WHDLoad blitter speed tests - needs you!

girv · 25 August 2007, 20:06

In The Zone shortly will be a WHDLoad slave that does some blitter speed tests. The intention is to investigate one possible cause of the annoying slowdowns many WHDLoad games experience on certain processors. 68040, I'm looking at you.

A sequence of blits, of the "cookie cutter" type typically found in games, is run with different sizes (16x16 to 1008x1008!), different types of blitter waiting code and different settings for the CPU caches. The the time taken for each blit is measured using the CIA timers, stored, and finally output to a text file "bspeed.txt" when all tests are complete.

The zip file in The Zone also includes some Excel spreadsheets containing the results from my A1200-060 and some pretty graphs to help analysis.

So here's your bit: run "WHDLoad BlitterSpeed.slave" and post, PM or email me your bspeed.txt files along with your machine specifications. AGA users can also see the effect of the FMODE register on blitter speed by passing the CUSTOM1 parameter to the slave with values of 0,1,2 or 3.

You will need a 68020 or better, 0.5Mb chipram and ~2mb fastram in order to run the tests. They will take 5-10 minutes to complete and the screen will flash colours to let you know it's still running. I'm especially interested in 68040 results, but the more the merrier!

Graham Humphrey · 25 August 2007, 21:13

Will test it for you either tonight or tomorrow...

Mad-Matt · 25 August 2007, 21:33

Have set the test going on my BPPC 040/25.

Config is A1200-BlizzPPC 040/25, Mediator+Voodoo3/net/sb128/tv.
OS39+Custom OS39 rom including HOGWAITBLIT patch if that makes a difference. as miggy hasnt been on for so long the battery has flatened and lost settings so have just forced 60ns memory mode from command line since i cant see boot menu to set it.

CHIPNOCACHE whd option set for compatability. One normal and 4 custom1 tests.

Edit : 1 normal test added with Chip cachability enabled just incase it effects anything

mrodfr · 26 August 2007, 07:12

hello,

tested on a1200dbox+1260/50/48mo fast+P96+aos3.9bb2.
blizzkick enabled with some modules running. custom=1.

just use WHDLoad BlitterSpeed.slave and wait the end.

interesting to konw the result.

Shoonay · 26 August 2007, 10:18

Cool, will run the test and I do hope it'll help solve the slowdown problem, tho I'm on 030

---=== EDITED ===---
Done...

Tested on Amiga 1200 with Blizzard 030/50MHz 32MB; OS 3.9 BB2 with FBlit & SystemPatch

derringer · 26 August 2007, 12:19

My config:

A1200 Bppc 68040/33MHz /603+/233MHz, 2Mb Chip 128MB Fast Ram, Mediator/Voodoo etc.

Chip ram cacheable disabled in whdload config because the compüatibility.

OS: 3.9, Kickstart 3.1 with blitzkick

Hope I can help you.

Graham Humphrey · 26 August 2007, 14:16

Okay, done, courtesy of my A1200 with Apollo 040/33, and 32MB Fast RAM. WHDLoad 16.8 was used, and no tooltypes were set.
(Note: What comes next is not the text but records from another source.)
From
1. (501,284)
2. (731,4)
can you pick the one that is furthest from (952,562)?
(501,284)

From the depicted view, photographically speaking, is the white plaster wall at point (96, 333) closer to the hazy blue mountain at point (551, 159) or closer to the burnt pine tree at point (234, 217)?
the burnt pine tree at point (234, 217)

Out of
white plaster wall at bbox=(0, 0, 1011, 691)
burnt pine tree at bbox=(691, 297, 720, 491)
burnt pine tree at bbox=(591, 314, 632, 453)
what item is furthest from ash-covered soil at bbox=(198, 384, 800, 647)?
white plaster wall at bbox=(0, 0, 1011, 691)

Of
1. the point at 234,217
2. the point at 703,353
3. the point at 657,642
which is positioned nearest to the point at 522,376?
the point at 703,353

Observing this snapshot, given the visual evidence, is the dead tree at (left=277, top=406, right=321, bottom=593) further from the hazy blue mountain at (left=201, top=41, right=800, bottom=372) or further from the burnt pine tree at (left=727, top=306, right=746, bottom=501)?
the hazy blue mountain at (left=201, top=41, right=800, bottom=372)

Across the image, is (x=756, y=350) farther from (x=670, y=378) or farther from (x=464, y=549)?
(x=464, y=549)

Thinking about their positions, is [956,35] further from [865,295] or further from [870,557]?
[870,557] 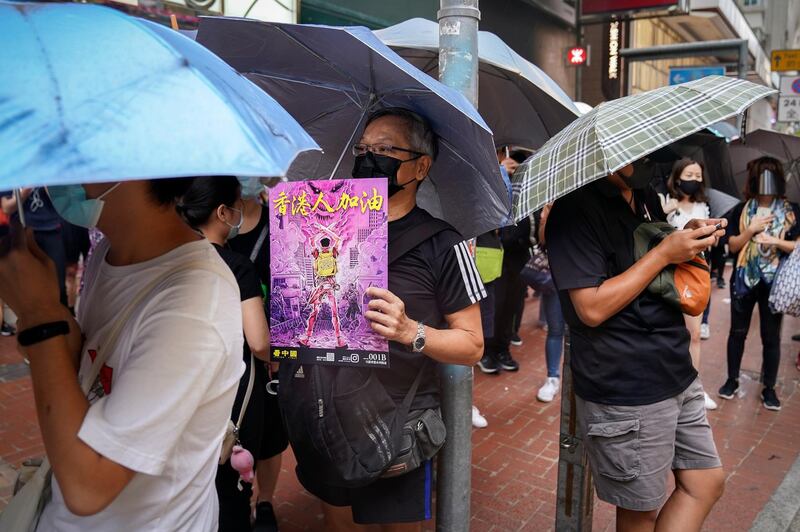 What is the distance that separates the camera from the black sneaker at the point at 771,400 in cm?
537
If you want me to test it with any tooltypes just give me a shout.

girv · 26 August 2007, 19:42

@madmatt & Graham: do you run PAL Amigas ?

Graham Humphrey · 26 August 2007, 20:09

Yep.

keropi · 26 August 2007, 20:58

here are my results, PAL, A4000D and cs-ppc 060/50mhz... no tooltypes whatsoever... chipmem cache disabled are usual for 040/060...

Mad-Matt · 26 August 2007, 21:24

Quote:

Originally Posted by girv

@madmatt & Graham: do you run PAL Amigas ?

yes

girv · 27 August 2007, 00:49

Firstly, thanks all for taking the time to run my little test

From the results, it seems the standard blitter wait code supplied with WHDLoad is the best of the bunch. It may be possible to improve on it (I don't know) but it's not a bad start in any case and also proves Wepl's idea to avoid blitter slowdown was right. Not that that was really ever in doubt

I've attached a spreadsheet to this message containing some further analysis of the times reported for the 'A' code ie: the standard WHDLoad blitter wait. There are some interesting results...

With caches enabled, running in chipmem instead of fastmem costs roughly 10-20% blitter speed on 040 but may cost over 30% if the blits are small; 060 sees no slowdown and 030 sees a small slowdown for small blits only.
With caches disabled, running in chipmem instead of fastmem, all processors see a blitter slowdown of 10-20% but 040 can get a massive 45% loss of blitter speed on small blits.
Running in fastmem, disabling caches costs 8% blitter speed on 060 for small blits, and smaller amounts on other processors. I'm not sure why this is - best guess is that the CPU is running slower and hitting the dmacon register (to test for blit done) less often, so interfering less with the blitter DMA; this may also explain why slower processors see less of an effect from disabling the caches, but doesn't explain why the effect lessens with larger blits. Anyone care to take a stab?
Running in fastmem, with caches enabled, 040-33 machines will blit faster than 060-50 machines. Again, my best guess is that the CPU is running slower and hitting the dmacon register (to test for blit done) less often. This may suggest an improvement is possible to the standard blitwait code for CPUs faster than 040-33.
Running in chipmem, disabling caches costs 10-20% blitter speed on 060; 040 and 030 see no effect, but 040 BPPC actually speeds up! I believe this shows the effect of how the BPPC boards handle chipmem cacheability.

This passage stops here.